WHAT YOU ARE ASKED TO DO: Although the data below contains pictures, output only the lines between those holding "Polo Ralph Lauren" and "Cute blue-eyed lion holding a pear.", inclusive, exactly and without those pictures.

SUPPLIED DATA:
----
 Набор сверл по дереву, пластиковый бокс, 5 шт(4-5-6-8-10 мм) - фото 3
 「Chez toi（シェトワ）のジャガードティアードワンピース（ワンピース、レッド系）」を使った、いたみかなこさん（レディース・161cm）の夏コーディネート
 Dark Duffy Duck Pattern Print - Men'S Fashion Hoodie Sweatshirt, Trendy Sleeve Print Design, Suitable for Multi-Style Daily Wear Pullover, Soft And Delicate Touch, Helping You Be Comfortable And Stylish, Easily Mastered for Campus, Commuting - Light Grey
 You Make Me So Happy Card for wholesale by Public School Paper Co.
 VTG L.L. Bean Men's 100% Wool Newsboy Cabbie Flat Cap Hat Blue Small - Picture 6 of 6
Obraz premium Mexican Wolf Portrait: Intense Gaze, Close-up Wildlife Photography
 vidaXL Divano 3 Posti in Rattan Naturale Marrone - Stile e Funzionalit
----
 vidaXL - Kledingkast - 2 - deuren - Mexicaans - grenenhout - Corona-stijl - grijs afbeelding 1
----
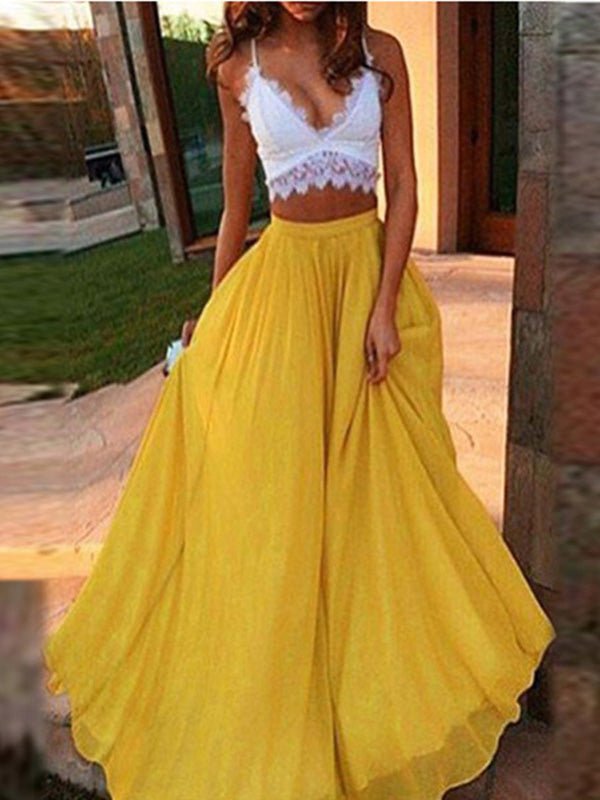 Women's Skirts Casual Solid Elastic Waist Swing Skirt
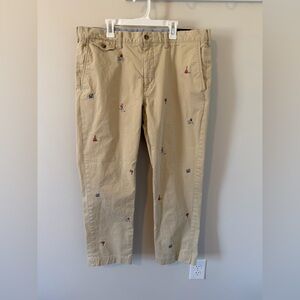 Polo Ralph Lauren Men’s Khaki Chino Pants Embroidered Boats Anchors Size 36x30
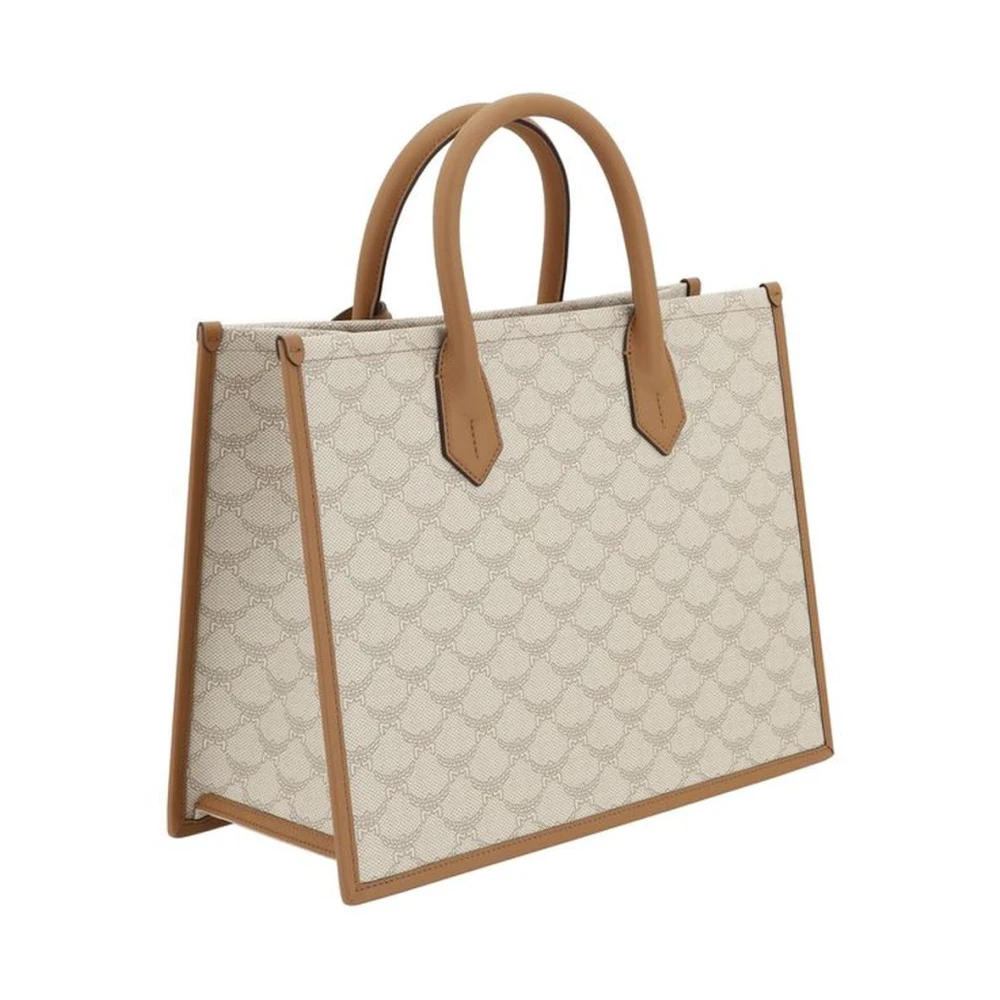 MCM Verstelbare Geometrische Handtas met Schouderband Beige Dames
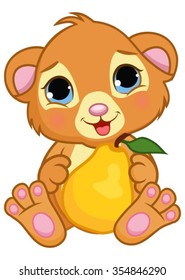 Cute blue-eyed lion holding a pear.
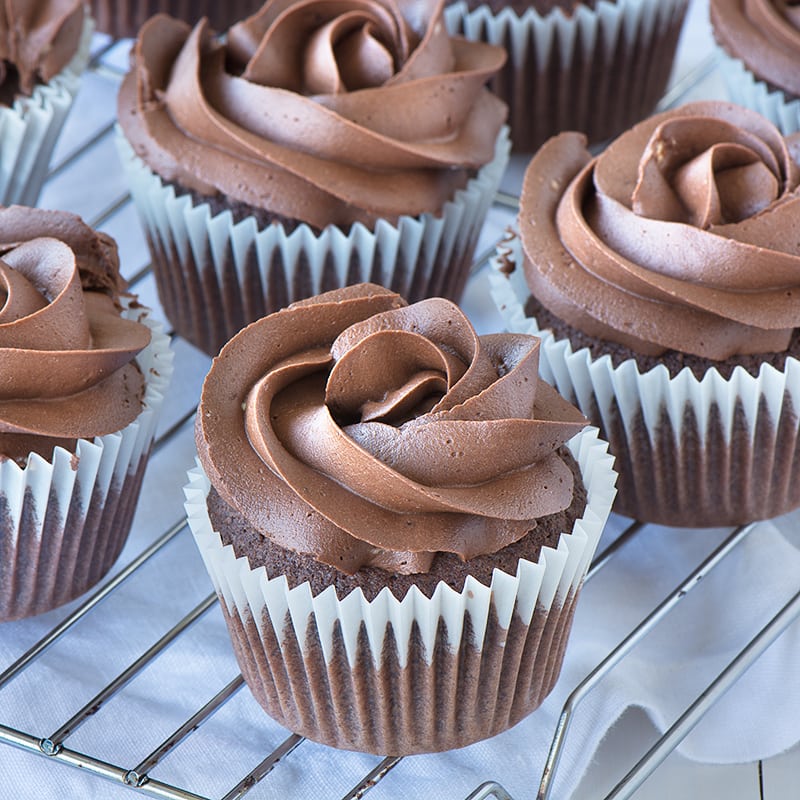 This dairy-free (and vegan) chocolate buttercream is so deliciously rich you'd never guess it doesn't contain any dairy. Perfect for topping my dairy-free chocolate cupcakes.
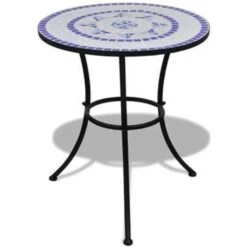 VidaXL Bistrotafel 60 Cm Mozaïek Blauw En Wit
----
RESPONSE FOR THIS EXERCISE:
 Polo Ralph Lauren Men’s Khaki Chino Pants Embroidered Boats Anchors Size 36x30
 MCM Verstelbare Geometrische Handtas met Schouderband Beige Dames
 Cute blue-eyed lion holding a pear.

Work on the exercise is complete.